Todas as pessoas têm temas importantes que as perseguem e por milhares de motivos, sócio-políticos-estruturais-emocionais, às vezes elas conseguem ter espaço ou não para persegui-los de volta. Ou seja, são inúmeras as condições necessárias para que se consiga devotar atenção (de novo essa palavra) ao que a princípio parece não ter utilidade. Vivemos num mundo em que a lentidão está impossível e as ações precisam de um propósito claro para que tenham direito de existir. Criar é uma ação na contramão do tempo linear produtivo.

Para testar essa teoria —de que todas as pessoas têm vozes artísticas—, ministrei uma imersão de escrita na qual desenvolvi 27 perguntas para serem respondidas pelos integrantes. Para cada pergunta havia um tempo de escrita estipulado e cada pessoa deveria responder em fluxo, ou seja, manter a caneta trabalhando no papel até que o tempo acabasse, escrever mesmo sem saber o quê.
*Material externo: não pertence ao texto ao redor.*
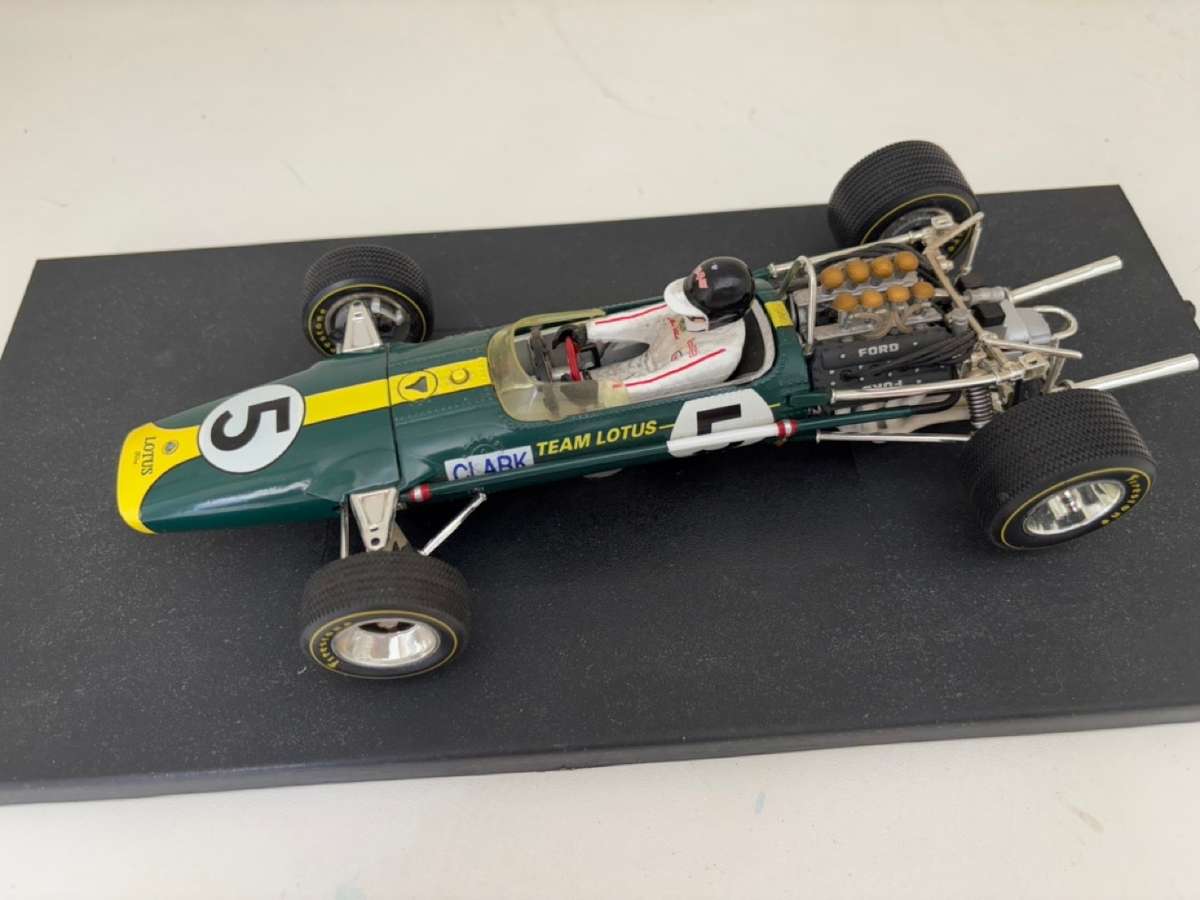 Jim Clark - Lotus F1 1967 (Quartzo 1:18 rare)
Foram cerca de duas horas de escrita, tempo esse que convidava os artistas a um estado de cansaço mental e físico.

A partir desse exercício, diversas composições de vozes se articularam: V, a velha calada que tem como seu único pertence um ventilador; Daniel, o menino que fala apenas quando está acompanhado de seus bichos de papel; Maria Dulce, diagnosticada com a síndrome do coração partido; Sandra, uma montanha de Minas Gerais. Essas são algumas das muitas personagens nascidas.

O mistério existe. No entanto só podemos vê-lo se o invocarmos. As oficinas são ecossistemas para que possamos voltar a acreditar que um lápis pode ser uma varinha condão, que se reunir com outras pessoas em prol da imaginação é um resgate da tão valiosa curiosidade da infância, capaz de inventar mundos, e que a ficção tem mecanismo de egrégora.